Ночью, выпивая и закусывая у меня дома со своими друзьями-финнами, И. М. сумел убедить в серьезной подоплеке своих восторгов, удивил беспощадностью своего огорчения.
— …Я же умолял Козинцева не делать из меня красавца, не играть из чужой роскошной жизни! Вот вы и доказали, что я был прав! Вы играете так, что публика забывает о классике и старине! Ошибки ваши меня не интересуют! Это живые, настоящие чувства, как настоящий этот петух слева от меня… Как он бился, как он рвался улететь! Я у вас тоже играл — это я был петухом, рвался и орал: "Козинцев — м…!"
Нецензурность слова вполне соответствовала нетипичности волнения…"

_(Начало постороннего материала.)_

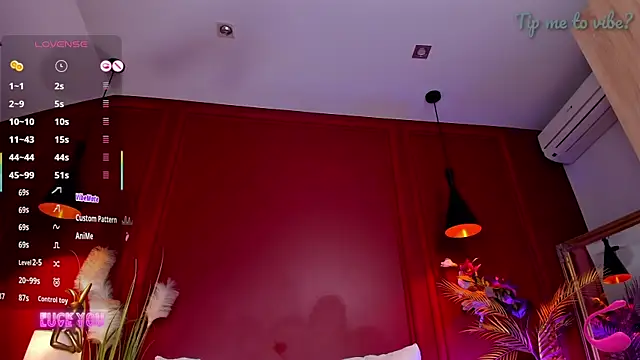 mayzzie - Mayzzie's free webcam - UK Sex Cams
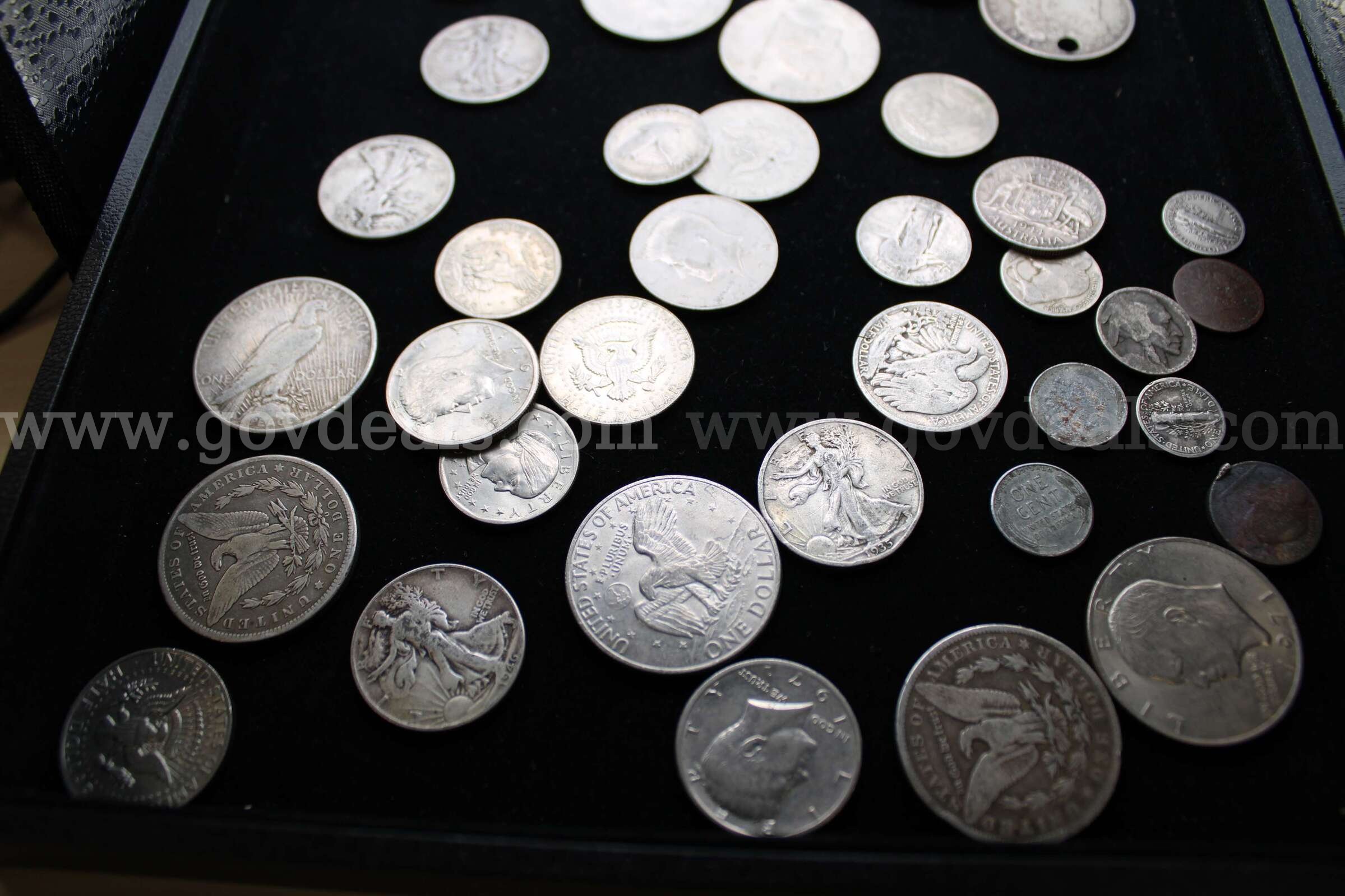 $2 BILL (4); $1 COIN (13); HALF DOLLAR (14); QUARTER (3); DIME (2); NICKEL (4)   Government Surplus Auction - Photo #3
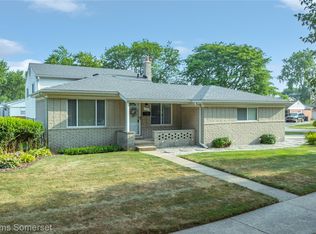 2702 Chesterfield Dr, Troy, MI 48083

Успех Владимира Высоцкого в роли Гамлета был грандиозным. Этот успех во многом объяснялся тем, что Высоцкий просто жил в этой роли, так как судьба Гамлета продолжалась в его собственной судьбе. Так же, как и Гамлет, Высоцкий был одинок. Его никто по-настоящему не понимал и не ценил. "Я один, все тонет в фарисействе". Даже символика спектакля подчеркивала духовное родство Гамлета и Высоцкого: тот тяжелый занавес, что висел на сцене, был символом рока, фатума, Дании-тюрьмы, довлеющих над Гамлетом-Высоцким. Вот как пишет об этом А. Смелянский:
"Владимир Высоцкий начинал спектакль строками Бориса Пастернака, исполненными под гитару. Это был, конечно, полемический и точно угаданный жест. Ответ на ожидания зрителей, вызов молве и сплетне: у них, мол, там Высоцкий Гамлета играет!.. Да, да, играет и даже с гитарой. "Гул затих, я вышел на подмостки…" Высоцкий через Пастернака и свою гитару определял интонацию спектакля: "Но продуман распорядок действий, и неотвратим конец пути". Это был спектакль о человеке, который не открывает истину о том, что Дания — тюрьма, но знает все наперед. Сцена "Мышеловки" Любимову нужна была не для того, чтобы Гамлет прозрел, а исключительно для целей театральной пародии. Его Гамлет знал все изначально, давно получил подтверждения и должен был на наших глазах в эти несколько часов как-то поступить. Совершить или не совершить месть, пролить или не пролить кровь.